- Participating broadcasters: Televisión Nacional de Chile (TVN); Corporación de Televisión de la Universidad Católica de Chile (UCTV); Corporación de Televisión de la Universidad de Chile (UTV);
- Country: Chile
- Selection process: National final
- Selection date: 13 October 1980

Competing entry
- Song: "Sin razón"
- Artist: Nino García [es]
- Songwriter: Nino García

Placement
- Final result: 14th, 9 points

Participation chronology
| ◄1979 • | 1980 | • 1981► |

= Chile in the OTI Festival 1980 =

Chile was represented at the OTI Festival 1980 with the song "Sin razón", written and performed by Nino García. The Chilean participating broadcasters, Televisión Nacional de Chile (TVN), Corporación de Televisión de la Universidad Católica de Chile (UCTV), and Corporación de Televisión de la Universidad de Chile (UTV), jointly selected their entry through a televised national final. The song, that was performed in position 1, placed 14th out of 23 competing entries, tied with the entry from Portugal with 9 points.

== National stage ==
Televisión Nacional de Chile (TVN), Corporación de Televisión de la Universidad Católica de Chile (UCTV), and Corporación de Televisión de la Universidad de Chile (UTV), held a national final jointly to select their entry for the 9th edition of the OTI Festival. Seven songs were shortlisted for the televised final.

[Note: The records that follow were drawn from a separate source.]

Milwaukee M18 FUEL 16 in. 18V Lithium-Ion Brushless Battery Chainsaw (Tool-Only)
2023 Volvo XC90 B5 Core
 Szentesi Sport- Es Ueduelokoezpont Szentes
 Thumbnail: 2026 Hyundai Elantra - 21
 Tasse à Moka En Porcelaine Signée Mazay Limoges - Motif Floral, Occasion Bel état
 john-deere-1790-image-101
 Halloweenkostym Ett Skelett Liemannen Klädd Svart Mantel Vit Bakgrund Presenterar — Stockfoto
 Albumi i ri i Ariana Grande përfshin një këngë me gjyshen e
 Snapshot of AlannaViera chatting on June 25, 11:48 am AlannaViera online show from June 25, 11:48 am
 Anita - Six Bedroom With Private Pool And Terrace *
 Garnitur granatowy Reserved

Competing entries on the national final – Chile 1980
| Song | Artist | Songwriter(s) |
|---|---|---|
| "El muchacho del tren" | Capri | Osvaldo Leiva |
| "El titiritero" | Héctor Molina | Nano Acevedo [es] |
| "Fundamental" | Carolina Tocornal | Scottie Scott [es] |
| "La canasta" | Osvaldo Díaz | Ricardo de la Fuente |
| "Marisol Giraud" | Fernando Ubiergo | Fernando Ubiergo |
| "Para este amor" | Gloria Simonetti | María Angélica Ramírez |
| "Sin razón" | Nino García [es] | Nino García |

=== National final ===
The national final was held on Monday 13 October 1980, beginning at 21:30 CLST (00:30+1 UTC), at the Municipal Theatre in Santiago, and was presented by Raúl Matas. Each of the competing performances was pre-recorded in a different location within the building. It was broadcast on TVN's Canal 7, UCTV's Canal 13, and UTV's Canal 11.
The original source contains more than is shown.